ファージに由来する再構成可能なエフェクターが放線菌の収縮性ナノマシンに付随し、細菌間競争への応答を調節する

論文タイトル
A phage-derived reconfigurable effector associated with an actinobacterial contractile nanomachine tailors bacterial responses to competition
論文タイトル(訳)
ファージに由来する再構成可能なエフェクターが放線菌の収縮性ナノマシンに付随し、細菌間競争への応答を調節する
DOI
10.1128/jb.00532-25
ジャーナル名
Journal of Bacteriology
巻号
Journal of Bacteriology Ahead of Print
著者名(敬称略)
永久保 利紀 他
所属
筑波大学 生命環境学群 生命地球科学研究群 生命環境系/高等研究院/MiCS
ライデン大学 客員研究員
著者からのひと言
この論文では、何らかのきっかけで細菌のゲノムに残された「ウイルスの残骸」がその細菌の役に立っていることを示しています。
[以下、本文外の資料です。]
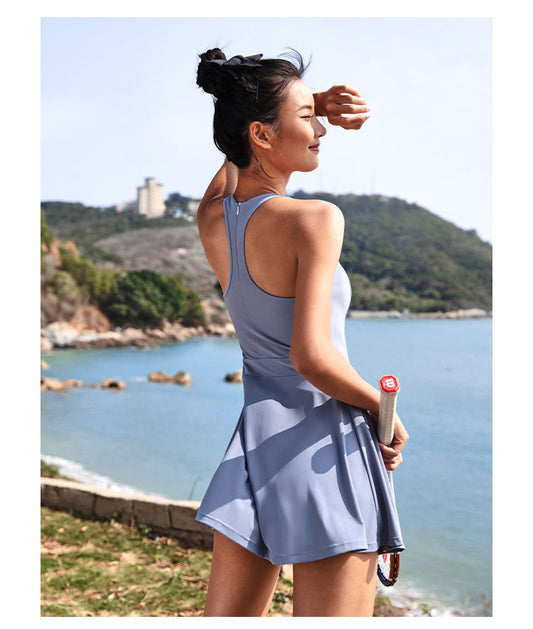 Solid color triangle back one-piece sports dress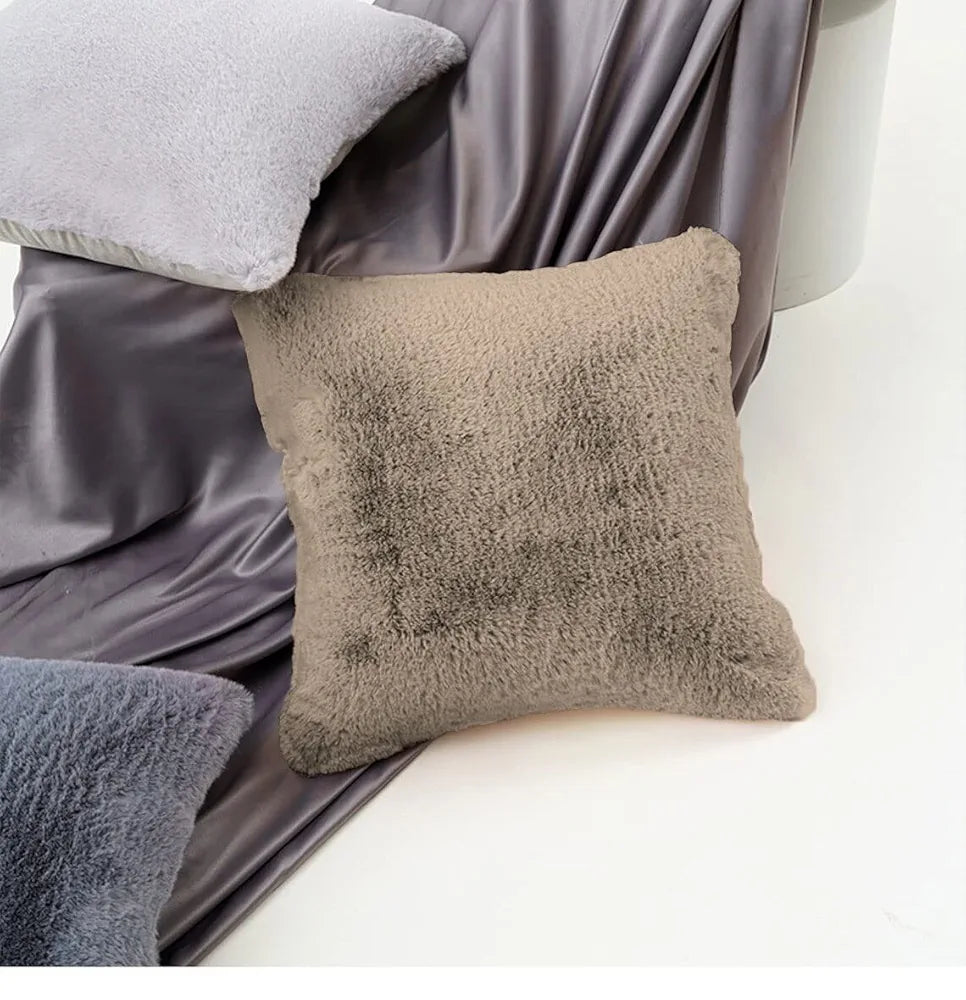 Luxe Home Cushion Cover 16 inch x 16 inch One Side Rabbit Fur Plain Design Covers Set of 2 for Sofa, Bedroom, livingroom 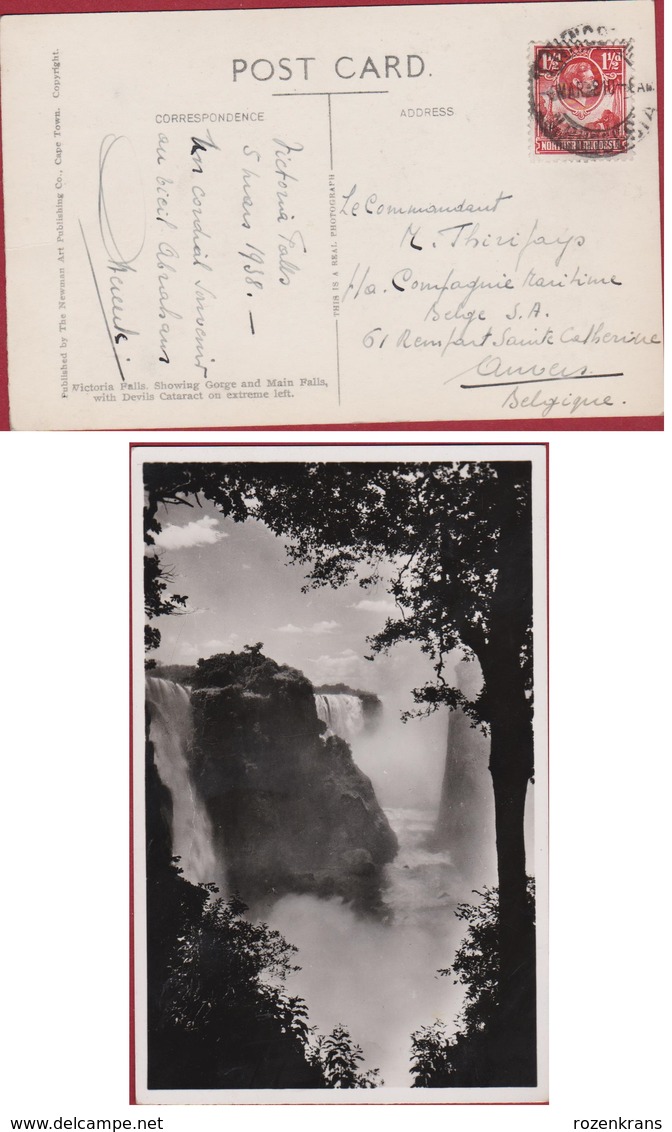 Zambia Northern Rhodesia Victoria Falls 1938 To CMB Compagnie Maritime Belge Afrique Africa Afrika - Autres - Afrique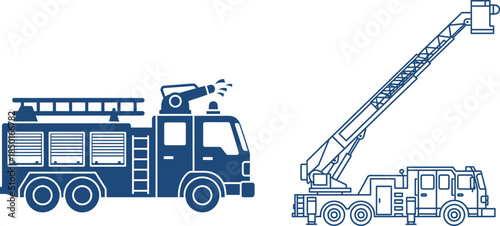 Fire Truck and Ladder Truck Icons for Firefighting Keywords: fire, truck, ladder, truck, icon, set, firefighting, emergency, rescue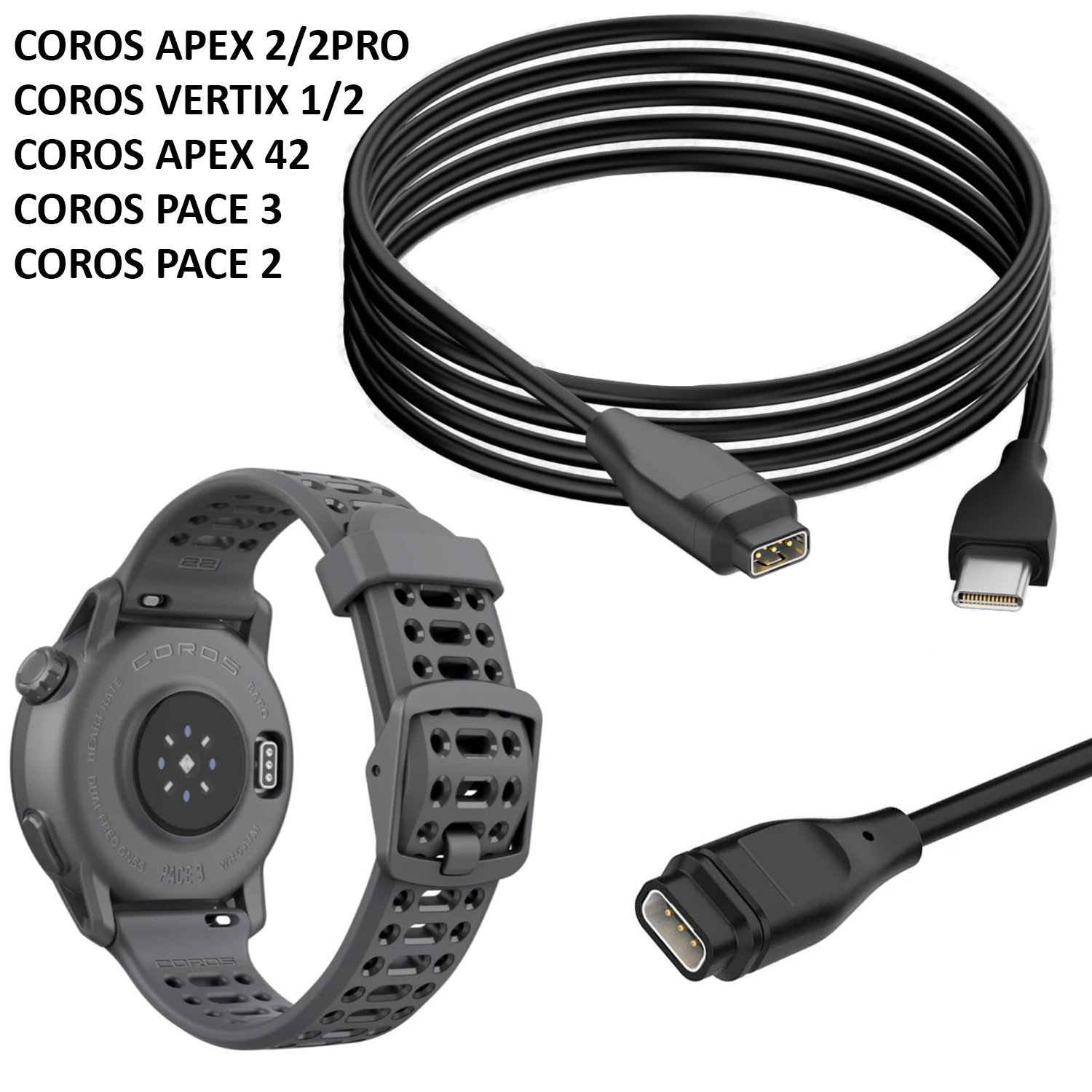 Cáp Sạc USB C cho Coros Pace 2 / Coros Pace 3 / Coros Apex 2,2 Pro / Coros APEX 42 / Coros Vertix 1,2 - Hàng Chính Hãng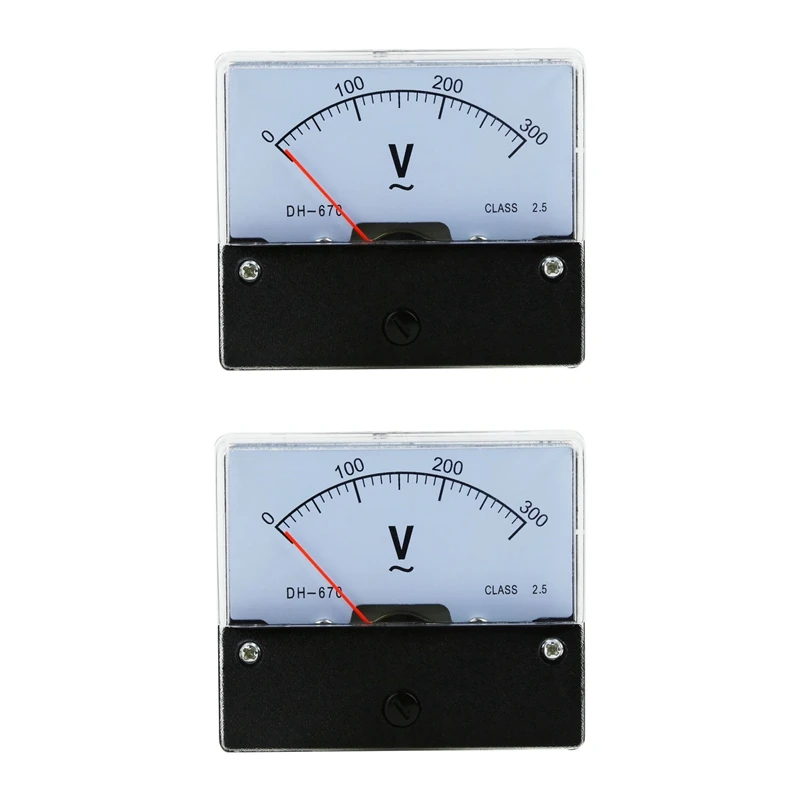 2X Прямоугольный измеритель аналогового напряжения переменного тока 0-300 В, панельный вольтметр DH670 Изображение 0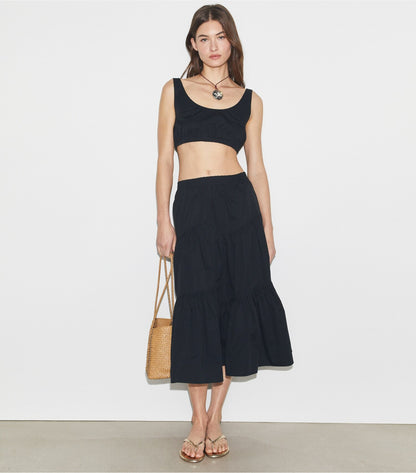 Tory Burch Cotton Tank Crop Top - Black
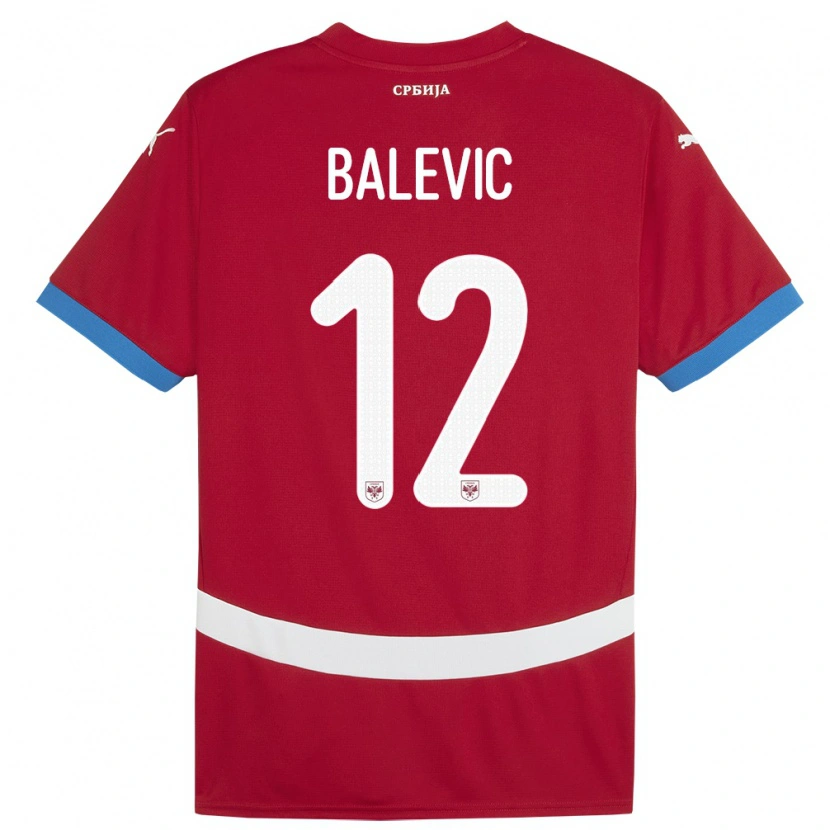 Danxen Men Serbia Lazar Balevic #12 Red Home Jersey 24-26 T-Shirt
「ウイルスの残骸」はその機能を容易に改変可能なタンパク質のモジュール構造に落とし込み、細菌が外部から受ける選択圧への柔軟な対応を可能にすることで、自らを保持する細菌の繁栄に貢献しその存在を維持している可能性があります。その機能中枢が、ウイルスの感染機構に由来していると思われる点も注目されます。

抄訳

収縮性注入機構(CISs)は、ファージ尾部から派生したナノマシンであり、細菌を中心とした原核生物に広く分布している。CISsはエフェクターと呼ばれる特定のタンパク質を格納し、様々な生物学的プロセスを仲介するエフェクターを射出する。本研究では、ファージの感染機構の一部から派生した新規エフェクター群の発見について報告する。CISsが最も高度に保存されている細菌群である放線菌のモデル種Streptomyces lividansにおいて、細胞内CISの一種であるSLPのエフェクターSle1が同定された。Sle1はSLPに格納され、S. lividansの細胞膜関連プロテオーム画分の割合を増加させ、最終的に細菌間競争に対する本菌の適応を促す。Sle1ホモログは放線菌において広く分布している。以上の結果は、ファージの感染機構が細菌によって環境適応を補助する因子として取り込まれてきたことを示唆している。